La mia opinione è che, dopo un +73% in un anno, gli operatori abbiano preferito
consolidare i guadagni in presenza di una stabilità sostanziale dell’oro nero
che perdura da inizio anno.
LA
SETTIMANA DEI MERCATI OBBLIGAZIONARI
In settimana sono aumentate le attese per un
ritocco dei tassi da parte della Fed americana e l’effetto immediato è stato
quello di portare i rendimenti del decennale Usa al 2,49%, ai massimi da inizio
anno. In Europa il clima più disteso in relazione alle prossime elezioni
francesi e le aumentate probabilità di una vittoria dell’area moderata hanno
raffreddato le tensioni delle scorse settimane che si sono riverberate sui
titoli francesi ed italiani, entrambi in discesa, mentre si evidenzia uno stop nella
corsa al Bund tedesco che raddoppia i rendimenti, dallo 0,18 al 0,36%.

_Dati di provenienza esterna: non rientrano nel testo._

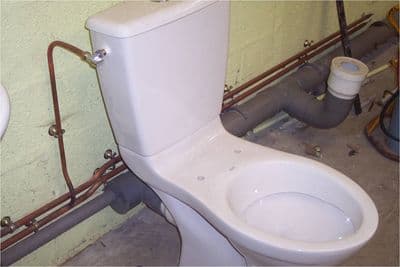 Installation WC cuivre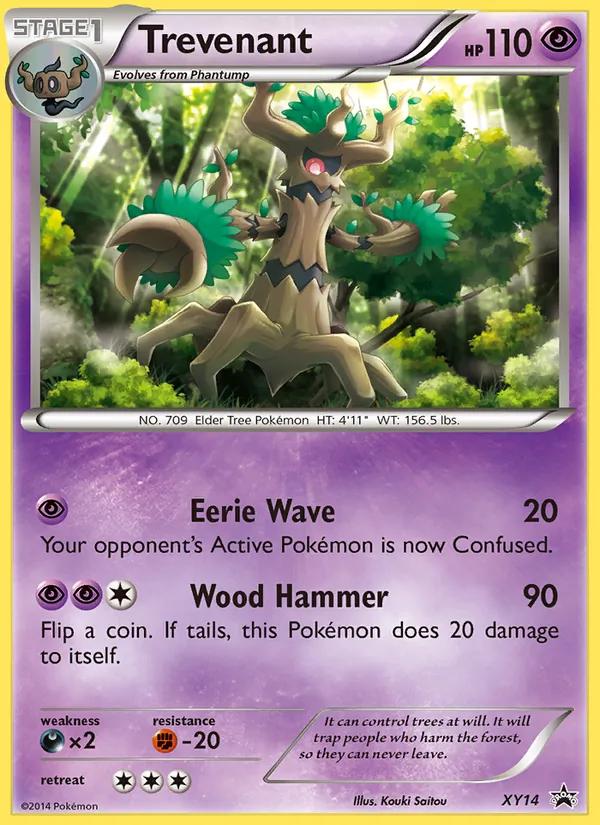 Trevenant (XY Black Star Promos #XY14/211)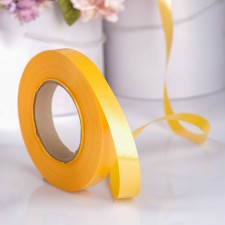 Tape for decor and gifts, yellow, 2 cm x 100 m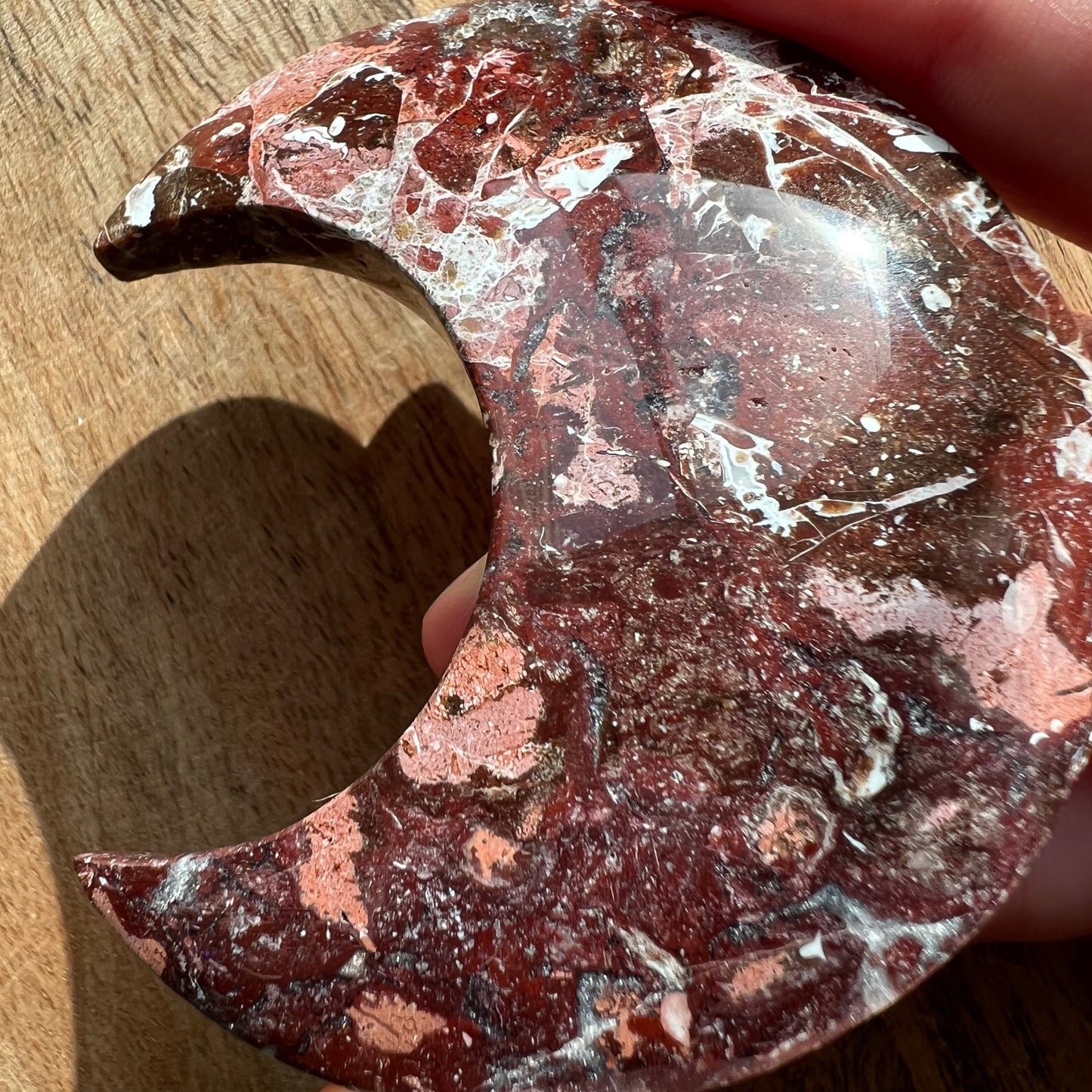 Red Jasper Moon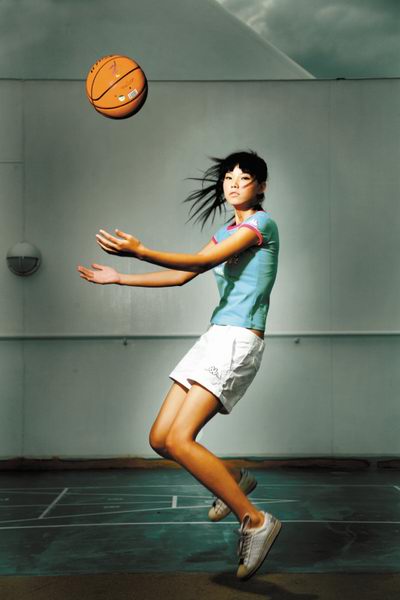 获得最佳活力平面模特奖的刘青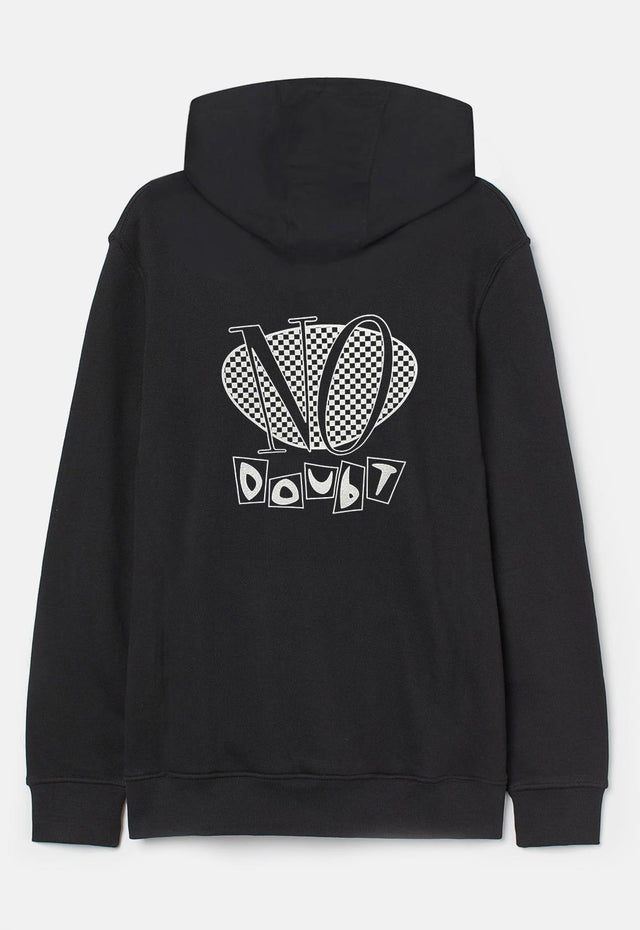 Checker Logo Back Print Zip Hoodie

La conseguenza più evidente è il calo dello
spread fra Btp e Bund che passa a 175,60 bp dal precedente 197,60 (22 bp in
meno); i titoli britannici a parità di durata lievitano leggermente portandosi
all’1,18%, rendimenti ben più contenuti dell’1,47% di fine gennaio ma qui il
discorso si complica con le dichiarazioni bellicose della May sugli accordi per
la Brexit. Nei prossimi mesi riteniamo che il braccio di ferro possa entrare in
una fase più critica, con strascichi sia sui rendimenti che sui rapporti di
cambio.
IL
MERCATO VALUTARIO
Cambio di rotta in settimana in campo
valutario, con un’univoca tendenza dell’euro al rafforzamento che rimbalza
sulle quattro principali valute
riportandosi - nei confronti della sterlina e dello yen - sui valori di
un mese fa. Inutile lasciarsi tentare nel fare previsioni, già difficili di per
sé, con un ritocco dei tassi Usa che aleggia nell’aria per il mese di giugno,
se non addirittura immediato. Staremo a vedere.